Trois ans auparavant, Pierre Salvadori nous offrait la comédie Après vous. Aujourd´hui, il revient avec une comédie romantique servie par le duo Audrey Tautou et Gad Elmaleh. Côté comédie, le réalisateur ne réussit qu´à nous faire sourire, légèrement. Côté romance, le sujet est prometteur. Jean, serveur timide dans un hôtel de luxe, apparaît, par un quiproquo involontaire, comme un milliardaire aux yeux de la jeune et ravissante Irène, dame de compagnie pour homme fortuné. Une fois le subterfuge découvert, elle fuit Jean au plus vite préférant offrir son coeur à un véritable prince. Il faut bien comprendre ici que le prince n´intéressera la belle que s´il est fortuné. L´histoire pourrait s´arrêter là mais c´est sans compter la persévérance et le charme du crapaud qui, à défaut d´argent, va tenter de reconquérir la belle.
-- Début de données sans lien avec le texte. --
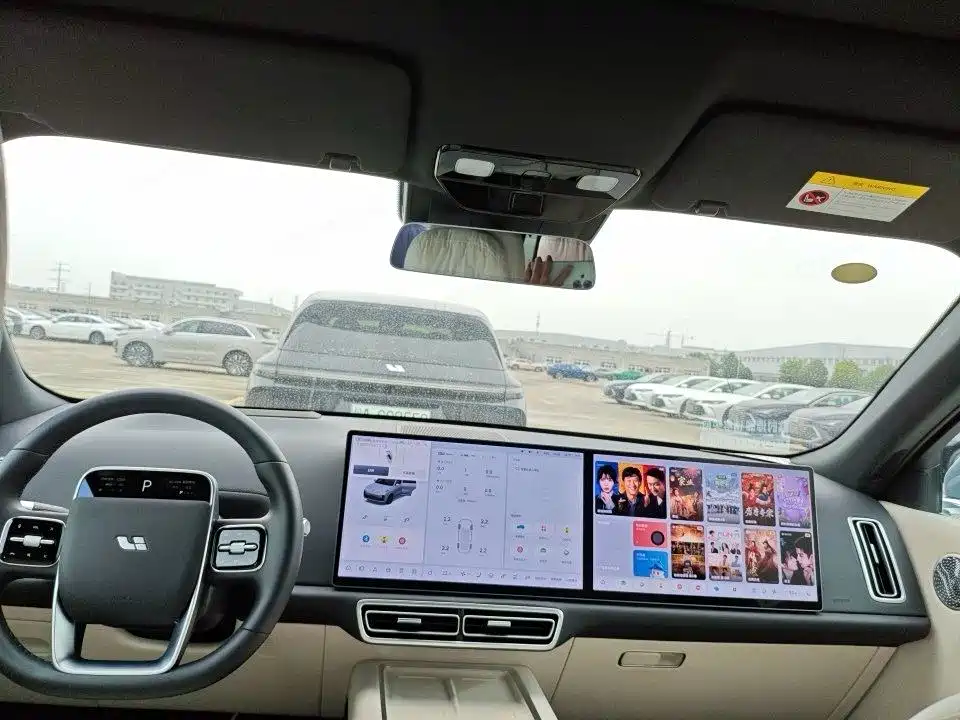 Li Auto L8 2025 Ultra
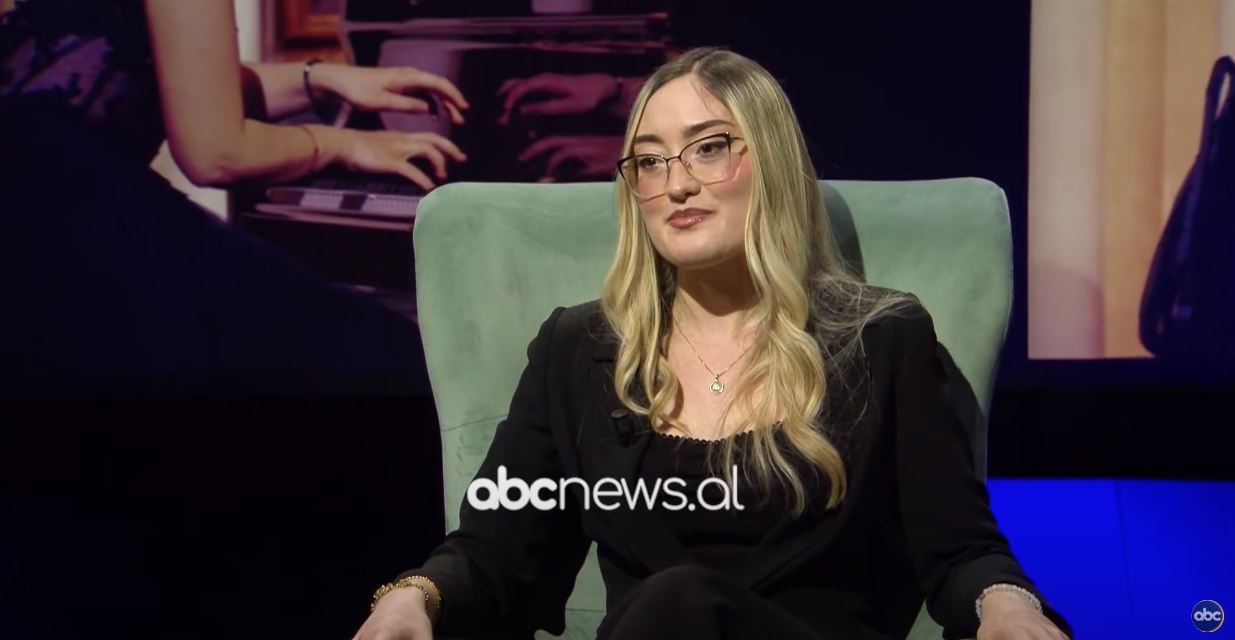 “E rritur mes tingujve të violinës, por zgjodha pianon më dukej e veçantë”, rrëfehet mbesa e Sandër Prosit, Rejsi Prosi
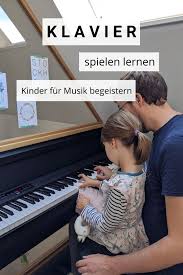 Mittellateinisch clavis „taste) bezeichnet heute das moderne, weiterentwickelte musikinstrument hammerklavier, also ein saitenklavier, bei dem auf tastendruck über eine spezielle mechanik hämmerchen gegen saiten geschlagen werden. Pin Auf Erfahrungsberichte Schwangerschaft Und Leben Mit Kindern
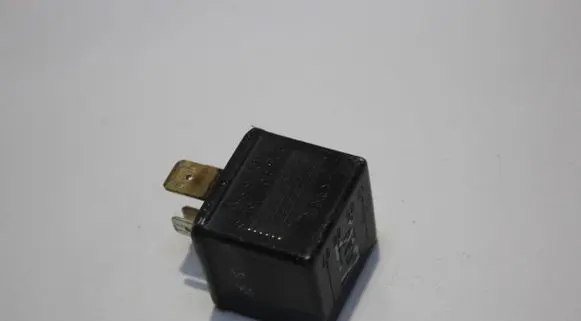 Audi A4 S4 B5 8D Other relay 443951253S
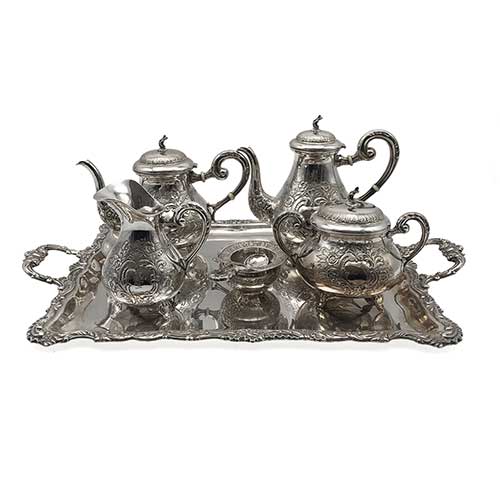 Sub.:39 - Lote: 606 -  Juego de caf en plata de estilo Luis XV compuesto por cafetera, tetera, lechera, azucarero, colador y bandeja con dos asas. Peso 2969 gr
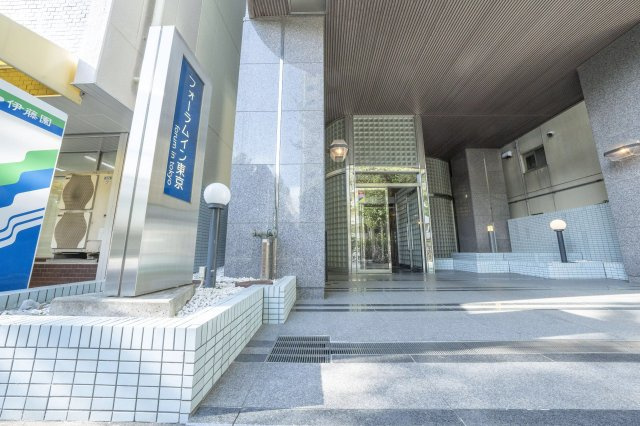 AP560 フォーラムイン・東京 812のエントランス|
Qui va-t-elle choisir ? Prince ou crapaud ? De l´argent ou de l´amour, lequel triomphera ? Voilà le gros problème de ce film : on devine la fin dès le début.

Hors de prix enchaîne les clichés qui se suivent et se ressemblent. Il l´aime, il la suit. Elle l´aime et le fuit. Ils s´aiment et s´enfuient. Une pièce de 1 euro va parcourir le récit rappelant au spectateur où en sont les deux personnages au niveau personnel, dans leurs sentiments. Cette métaphore qui file jusqu´à la fin, Pierre Salvadori la qualifie d´ << image expressive >>, formule qu´il emprunte à Lubitsch. Mais ce symbole n´est pas assez subtil, comme si le réalisateur, désireux de faire passer un message au spectateur, l´inscrivait en gros caractères au milieu de l´écran. Quant à la phrase récurrente << j´aimerais...je voudrais... >>, elle parcourt tout le récit ayant la même signification que la pièce, au cas où le spectateur n´aurait pas compris.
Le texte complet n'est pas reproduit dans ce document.